New Zealand to introduce gun register
"Now we are moving to stop other firearms falling into the wrong hands," Jacinda Ardern (New Zealand's Prime Minister)
New Zealand's gun owners will have to register their weapons as part of the country's far-reaching overhaul to its licensing regime following the deadly attack on two mosques in Christchurch in March.
"In April we acted to take the most dangerous weapons out of circulation by prohibiting assault rifles and military style semi-automatics," Jacinda Ardern said in a statement on Monday.
"Now we are moving to stop other firearms falling into the wrong hands," she continued, announcing the second tranche of proposed changes to the country's 1983 firearms laws.
The proposed reform sees the establishment of a firearms register that links gun serial numbers to licence holders over the next five years.
It also includes halving the ten-year licence expiry to five years, barring visitors to New Zealand from purchasing firearms, registering the country's estimated 260 gun clubs and giving police more powers to intervene over concerns about a licence holder's behaviour.
"Under the current law, we do not know exactly how many guns are in circulation, who owns them, who is selling them, who is buying them, or how securely they are stored against the risk of theft or misuse," Police Minister Stuart Nash said.
While the now outlawed military-style semi-automatic rifles handguns and restricted weapons like fully automatic firearms previously had to be registered, shotguns and rifles, which make up 96 per cent of the country's weapons, did not.
"Our gun laws date from 1983 and are dangerously out of date," Ms Ardern said. Since then the firearms manufacturing industry and the ability to buy and sell online has markedly changed.
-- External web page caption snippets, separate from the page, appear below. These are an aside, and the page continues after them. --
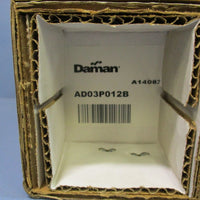 Daman AD03P012B Aluminum Valve Manifold Factory Sealed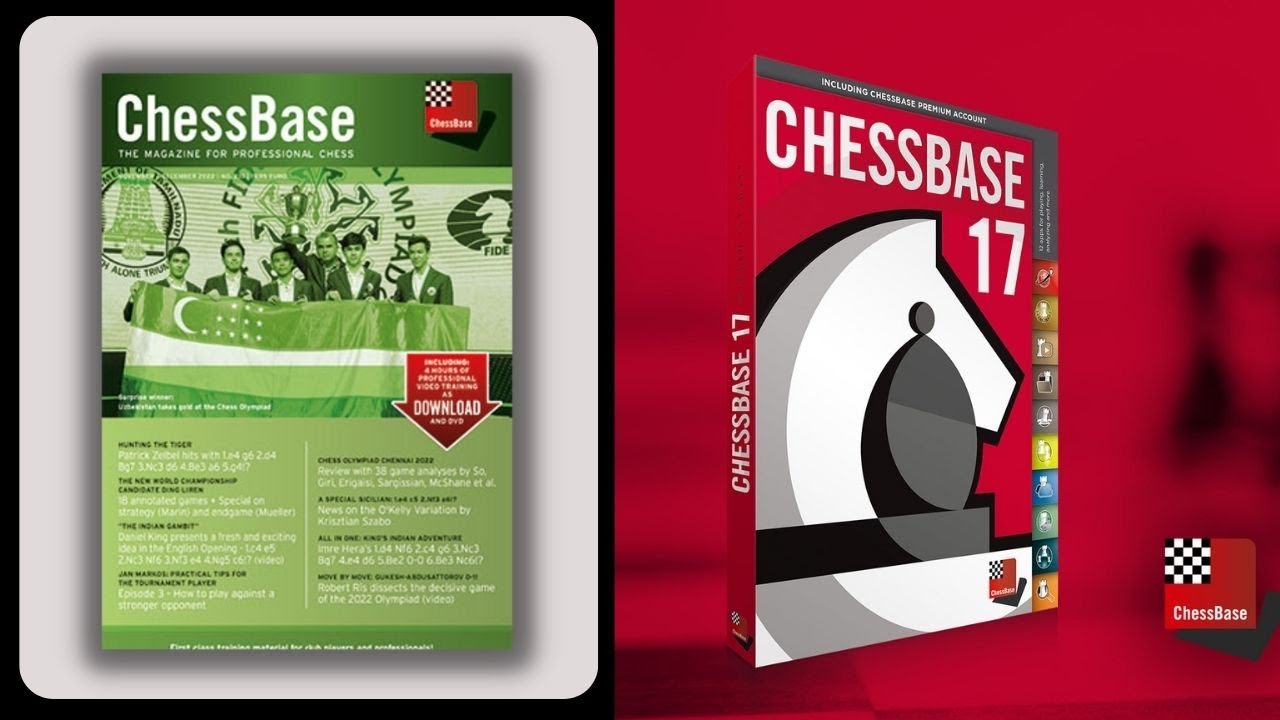 ChessBase Magazine 210 (DVD + print) - Schachversand Niggemann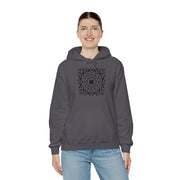 Bohemian Mandala Unisex Heavy Blend Hoodie
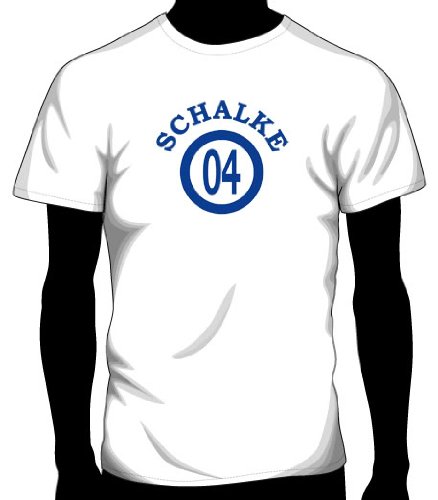 FC Schalke 04 Basic Logo Tee FC Schalke 04 Basic Logo Tee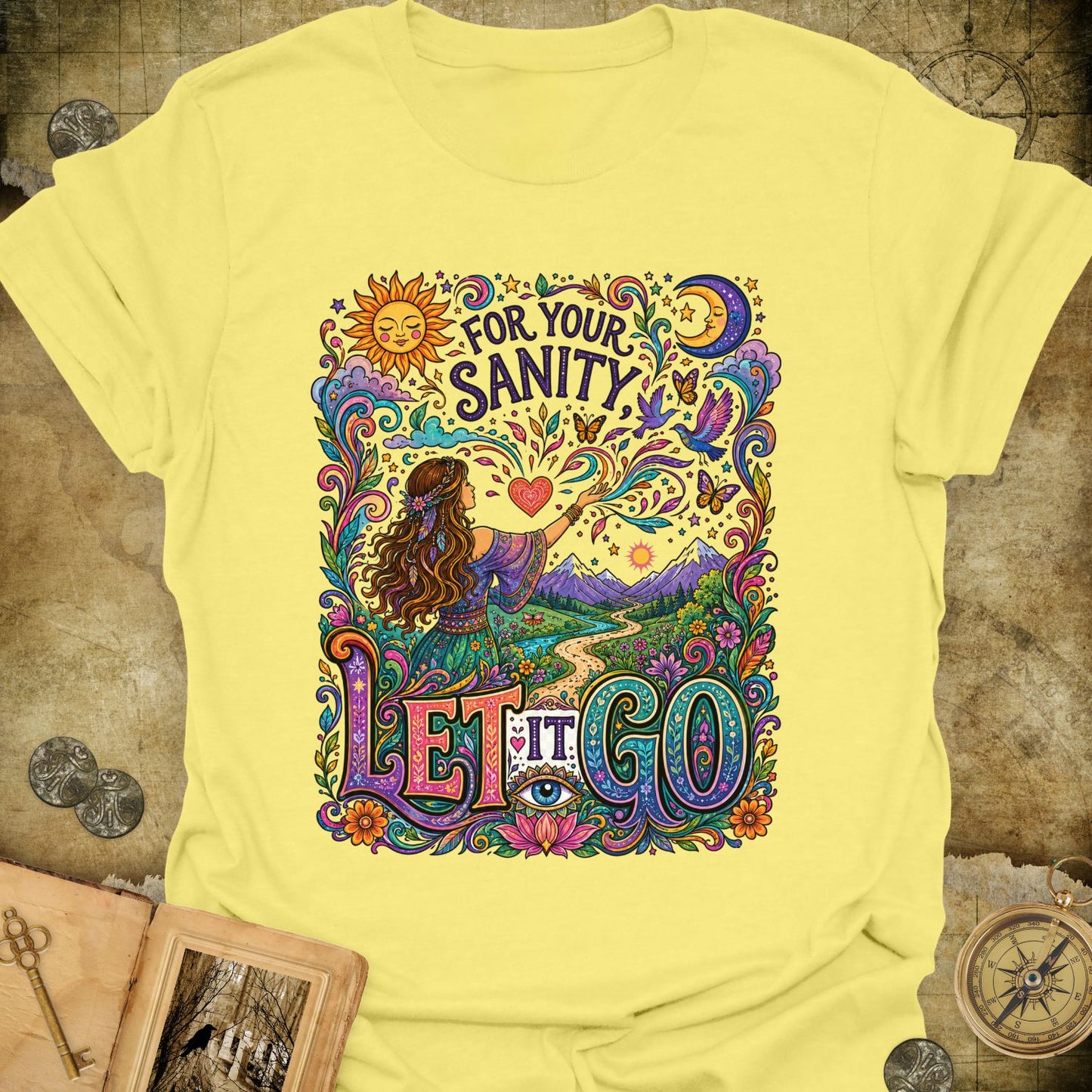 Let It Go T-Shirt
"The changes announced today have been decades in the making. It is now up to this parliament to deliver in the interests of public and personal safety," Ardern continued.
About 250,000 New Zealanders, out of a population of almost 4.8 million, hold a firearms licence. It is estimated there are around 1.5 million firearms in the country, including 13,500 registered military-style semi-automatic rifles
New Zealand's Police Association has repeatedly called for a compulsory New Zealand gun register after a survey revealed that many police officers had been threatened with a firearm. New Zealand police are generally not armed.
Meanwhile police received more than 2,000 of the now illegal semi-automatic firearms at government gun buyback events held over the weekend.
Owners have until December 20 to hand in illegal weapons under an amnesty agreement, after New Zealand banned most semi-automatic firearms, some pump action shotguns and certain large capacity magazines in April.
The ban came less than a month after 51 people were killed and dozens injured when a suspected white supremacist opened fire at the Christchurch mosques.